Why am I telling you all this? Because very few people talk about mental illness openly. No one wants to admit that their child is mentally ill or can’t read at grade level or gets picked up from school for issues at least once per week. Colin’s mental illness is just as real of a disease as diabetes or asthma. If this is you or your child, you are not alone. There is no feeling of being more alone than being the parent of a special needs child. We’re not alone, though. There are a lot of us out here and I’ve found if I talk about it, other mothers talk about it and then we can offer each other support and share ideas. We can also laugh at the parts that are funny, commiserate on the parts that aren’t and help each other not feel like the world’s shittiest mothers.

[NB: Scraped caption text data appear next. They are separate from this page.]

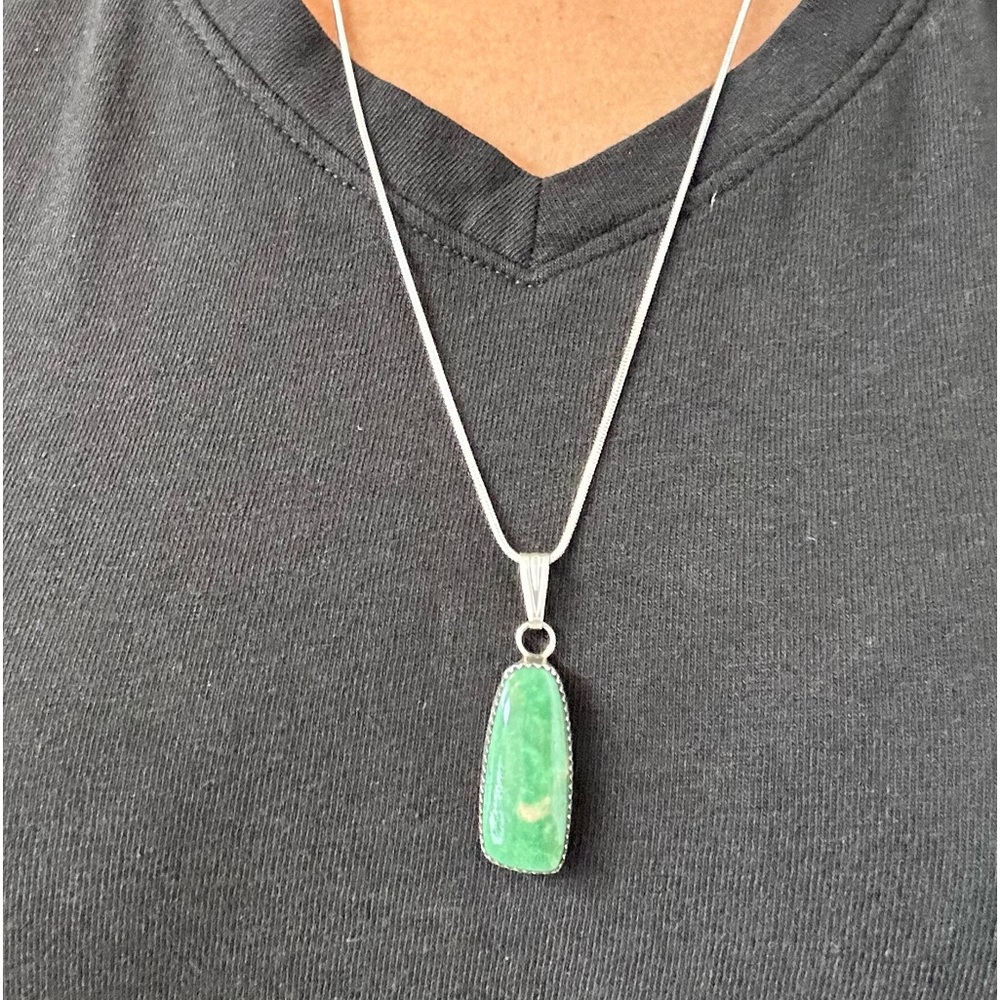 𝅺STERLING SILVER 925 Green turquoise Pendant. (Free necklace included)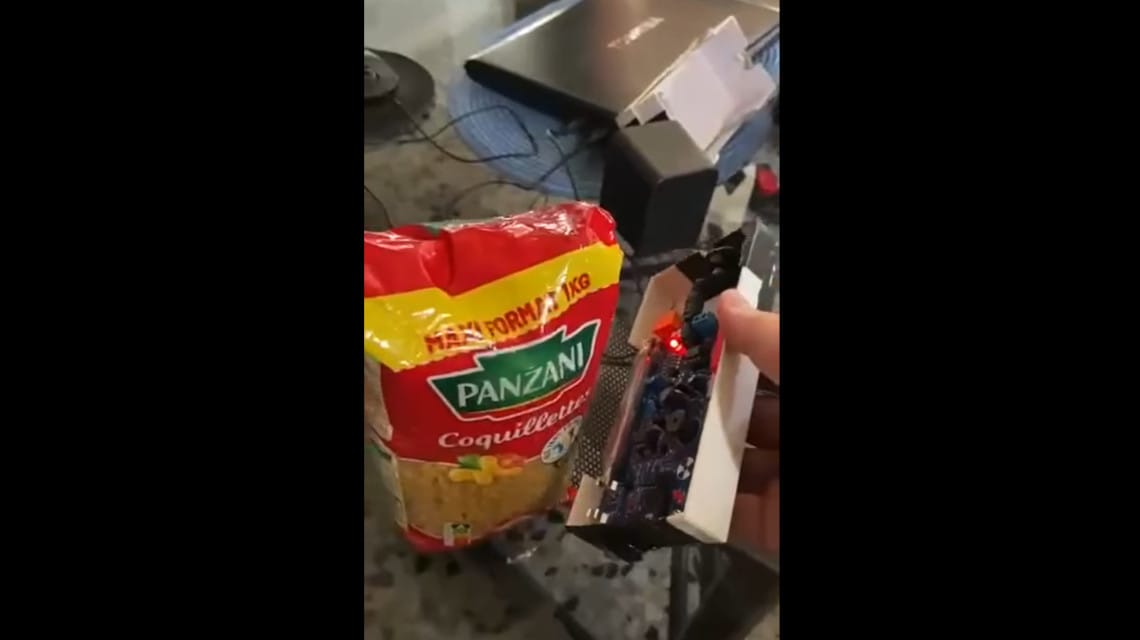 Kamu videó terjed a Facebookon: azt állítja, radioaktív por van a Panzani tésztájában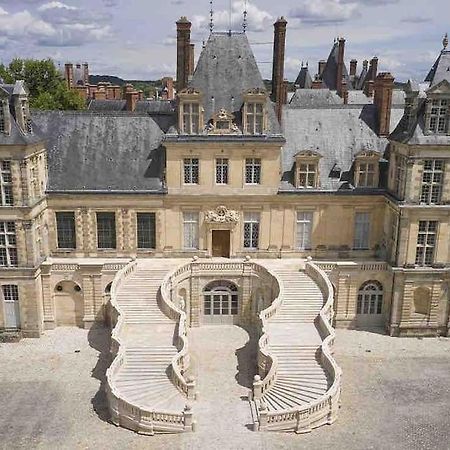 Bright Studio Apartment - Fontainebleau Esterno foto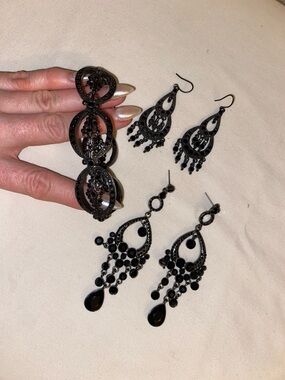 Black Statement Chandelier Earrings Set - Elegant Women's Jewelry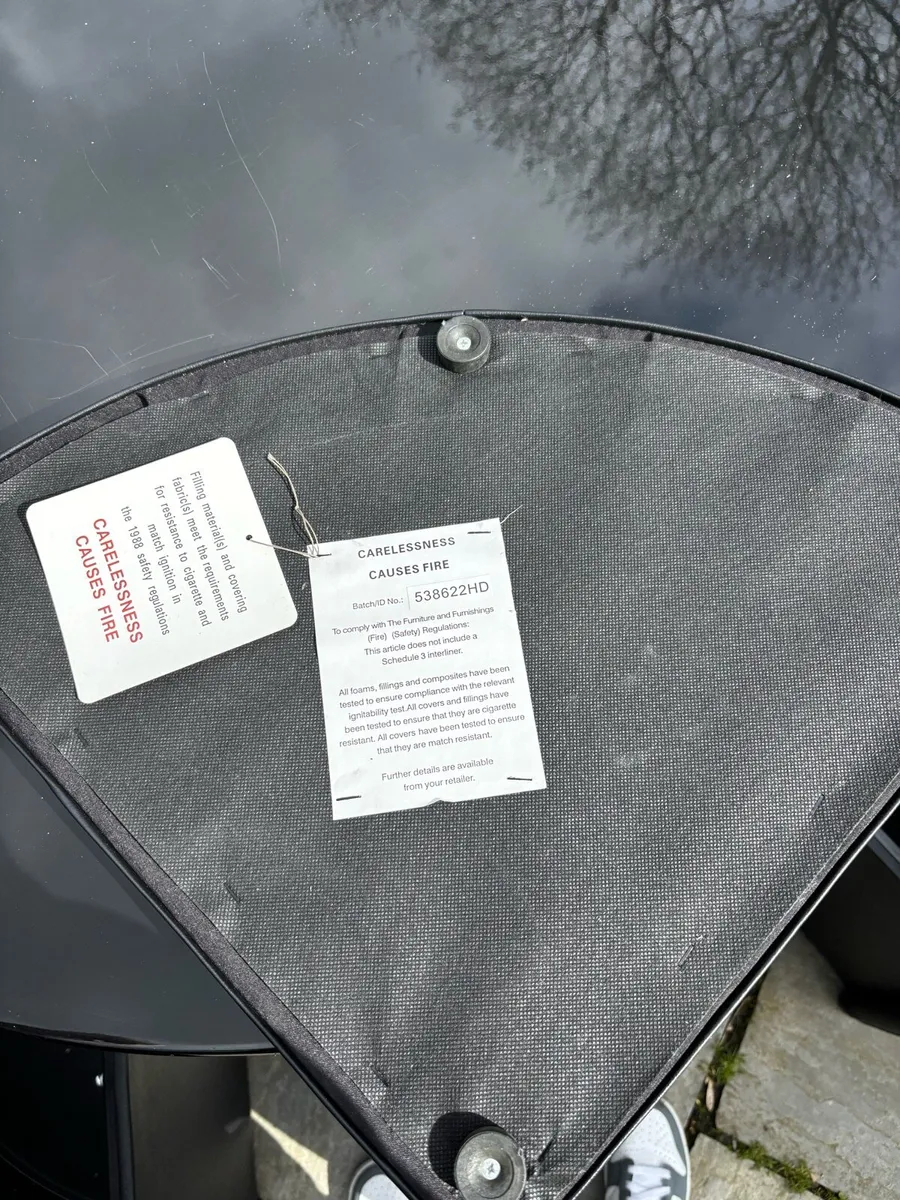 Space-Saving Stowaway Dining Set – Black Gloss - Image 3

When I was at the race expo in Richmond I stopped at a booth for the Speak Up Foundation. The woman at the booth told me a story of a young teenage girl who suffered from severe anxiety and depression and she used running as a way to cope. A few minutes after finishing her first half marathon, she collapsed and died. It turns out she had a heart condition no one knew about. When her parents went up to her room after her death, they found her journal. In it, she talked about how she was depressed and anxious but she felt afraid to talk about it to anyone because she would be judged for not being able to cope. She never even told her parents but she had made plans in her journal to to plan a 5K at her high school called the Speak Up 5K to bring awareness to mental illness and to lessen the stigma. Her parents decided to carry her dream forward and start the foundation that now sponsors charity runners at marathons and encourages people to speak up. I bought a Speak Up visor and I’m going to wear it to my races from now on. I’m also going to speak up about mental illness.
My son is autistic. My son is mentally ill. My son is also a great person with a lot to offer. So, the next time you see a child in public who isn’t acting the way he or she “should” stop for a minute and consider that they may have an illness. The next time you think about judging another parent for the way they raise their children, stop and put yourself in their shoes. Also, if you have a mental illness, don’t be ashamed. I’m beginning to think a lot of the best people do, too.
First and foremost, huge hugs. I can only imagine how full your hands feel at any given point, but one glance at that insect he made told me what I later had confirmed in your post: he’s very intelligent. I hope that somewhere along the line, something clicks – maybe one day music will be appealing, maybe art and creation will show him a path to great expression – and he is able to find a means where he feels he can freely and thoroughly express himself. Thank you for being a vocal advocate for your son and for others. There is too much we don’t speak up about.